Welcome to Accidental Vulnerability!
- Preliminaries:
- Please follow HarmBench's installation manual to procure the adversarial evaluation techniques used in this project.
- Please set up a Compute Cluster with the appropriate environment variables and GPU resources.
- Folder and File Descriptions:
-
slurm: This folder contains scripts that can be migrated onto your cluster to generate test cases and adversarial evaluations. Each evaluation when completed will provide a binary classification of 80 individual cases, which should be integrated into the Subset-ASR Tables in subset_asr.py using prompt classifications from Appendix C in our paper.
- s1.sh: HarmBench (Step 1) SLURM script
- s1_5.sh: HarmBench (Step 1.5) SLURM script
- s2.sh: HarmBench (Step 2) SLURM script
- s3.sh: HarmBench (Step 3) SLURM script
-
correlational_analysis_visualizations: This folder contains the code that finds the correlations within our measured attack success rates and visualizations for our subset ASRs and figures.

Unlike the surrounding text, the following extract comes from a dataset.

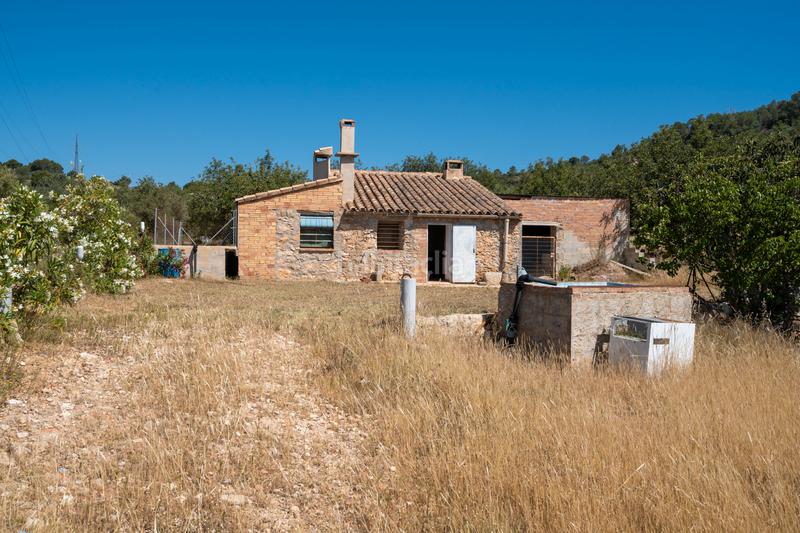 Foto 5b1120cb-eaba-471e-8264-876c76690be5. Finca rústica a camí de l'ardiaca 106 a Urbanitzacions Tortosa Foto 5b1120cb-eaba-471e-8264-876c76690be5. Finca rústica a camí de l'ardiaca 106 a Urbanitzacions Tortosa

- correlation_plot.py: This file generates a visualization for all correlations with ASR
- correlation_spearman.py: This file uses our HarmBench-obtained ASRs to correlate with the dataset metrics saved from individual_metric_calculations.py
- individual_metric_calculations.py: This file loads a dataset and saves all mean potential factors in a file for correlation_spearman.py
- subset_asr.py: This file uses our classification of HarmBench-obtained subset-specific ASRs to generate heatmaps for further visualization.
- top6_correlation_visualizations.py: This file provides visualizations of the top 6 correlated metrics across all datasets.
-
finetuning: This folder contains the sample script that loads a dataset and fine-tunes models using the hyperparameters mentioned in our paper.
- sample_script.py: Fine-tuning training script with hyperparameters
-
horizontal_evaluations: This folder contains the code for horizontal evaluations (newly added/appended)